Introducing DataComp: A New Testbed for Multimodal Datasets
Multimodal datasets are super important for recent developments in AI, like Stable Diffusion and GPT-4. But not enough attention is given to how they’re designed. That’s why a group of researchers created DataComp. It’s a place where people can test out new filtering techniques or find new data sources. Then they can use a standardized CLIP training code to see how well their new dataset works on a bunch of different tests.
What’s really cool about DataComp is that it’s made to work on different levels of computing power. That means more people can try it out and see what they can come up with. And so far, the results have been pretty promising. In fact, the best dataset so far, called DataComp-1B, has even outperformed a similar model from OpenAI.
With DataComp, it looks like researchers might have a new way to make better training sets for AI models. And that could lead to even more exciting breakthroughs in the future.
The Importance of Multimodal Datasets in AI
Multimodal datasets are a critical component in recent AI breakthroughs, yet their design does not receive the same research attention as model architectures or training algorithms. To address this shortcoming in the ML ecosystem, researchers have introduced DataComp, a testbed for dataset experiments centered around a new candidate pool of 12.8 billion image-text pairs from Common Crawl.

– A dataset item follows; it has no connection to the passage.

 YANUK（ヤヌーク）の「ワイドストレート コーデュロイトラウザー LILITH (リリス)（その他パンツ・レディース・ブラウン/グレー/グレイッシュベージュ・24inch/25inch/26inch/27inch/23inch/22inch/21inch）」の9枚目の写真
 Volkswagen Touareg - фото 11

Testing and Scaling with DataComp
Participants in the DataComp benchmark design new filtering techniques or curate new data sources and then evaluate their new dataset by running standardized CLIP training code and testing the resulting model on 38 downstream test sets. The benchmark consists of multiple compute scales spanning four orders of magnitude, which enables the study of scaling trends and makes the benchmark accessible to researchers with varying resources.
Better Training Sets with DataComp
Baseline experiments show that the DataComp workflow leads to better training sets. In particular, our best baseline, DataComp-1B, enables training a CLIP ViT-L/14 from scratch to 79.2% zero-shot accuracy on ImageNet, outperforming OpenAI’s CLIP ViT-L/14 by 3.7 percentage points while using the same training procedure and compute.